A few examples of spiritual holidays that came from Samhain are found in All Hallows (and All Hallows Eve), also known as All Souls Day and All Saints Day! The Roman Catholic pope who originally declared the feast to celebrate saints and martyrs had set aside May 13th for the purpose, but it was later moved to November 1st, so that it would coincide with pre-existing festivals to honor the departed. Hundreds of years later, the festival expanded to include November 2nd: the 1st is still celebrated as All Saints Day, and the 2nd All Souls Day. All Saints Day honors souls that have gone to Heaven and reminds those on Earth to live like Saints, and All Souls Day honors those who have departed and are being cleansed so that they can continue on to Heaven, and encouraged those on Earth to remember and help them by offering prayers on their behalf.

All Saints Day is a Holy Day of Obligations, a day where all should go to Mass and use the day as a day of celebration, not a day of work. People celebrate Saints and tell stories of great men and women who should be imitated and honored. All Souls Day is not a Holy Day of Obligation, but is also a day to celebrate those who have departed, in this case, the "faithfully departed"- those who have died faithful but need to be cleansed in purgatory before going to Heaven. All Souls Day is therefore a day for offering prays and alms for the dead, especially one's own relatives. Visiting and decorating graves, lighting candles, and other traditions are commonly observed on All Souls Day. Originally, celebrations for these days were very similar to Samhain traditions: people held parades, dressed up like angels and saints, and remembered the dead. But the traditions evolved based on the places they were carried to.

Protestants generally celebrate only November 1st, All Saints Day, because they see all departed Christians as Saints in Heaven.

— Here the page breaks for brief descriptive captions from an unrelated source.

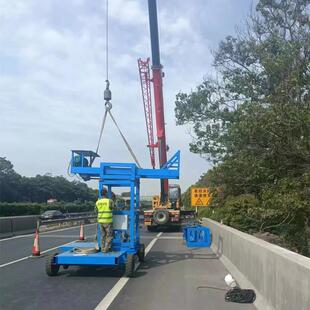 桥梁底部泄水管施工吊篮高速公路护栏外侧排水管台车电动台车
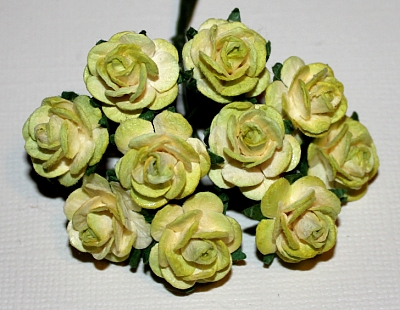 10st Paper Roses ca 15mm 2tone moss green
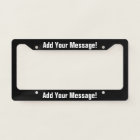 PERSONALIZED TEXT Black License Plate Frame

However, they usually reject the more elaborate traditions associated with honoring the dead. But they still set aside a special service to remember all Saints-both historic and famous saints, and those within their own congregations that have passed within the last year. In these groups, it is common for All Saint's Day a spiritual holy day, and Halloween, a non-spiritual holiday, to be celebrated separably! But this is not the case in every culture.

In Mexico, a festival that lasts from October 31 through November 2nd was developed: the Day (or Days) of the Dead. Interestingly, people in Mexico originally celebrated the dead earlier in the Summer, but with the influence of Catholicism, the festival of the dead was moved to align with All Saints and Souls Days (and by consequence, Samhain!). This three-day-long festival is much loved, because it is believed that departed relatives can rejoin their families just for this time of the year. Some believe that their relatives may communicate with them and even offer advice. The 31st is celebrated as All Hallow's Even, the 1st, the Day of the Innocent (which celebrates children who have departed and saints in Heaven, like All Saints Day), and the 2nd, is All Soul's Day, or the Day of the Dead.

It is common for people who celebrate these days to gather both things that remind them of their deceased relatives (like photographs) and also offerings for their spirits (like favorite foods). It is common to make sugar skulls, beautifully decorated, and also a special bread which is shaped like a person. All this is often placed on special alters built for spirits who may return to their homes and families. Graves are decorated, and some people may spend whole days in the cemeteries. People wear special clothes, hold parades, and spend extra time with their friends and family.

There are many different ways to honor and celebrate the upcoming darker months of the year, and also remember those loved ones who have gone before us. Some people celebrate this time of year as a religious holiday, while for others, it is simply a fun holiday to dress up and eat delicious treats! How do you celebrate these days? However you do, keep in mind the ancient traditions that came before you, don't eat to much candy, and stay warm tonight!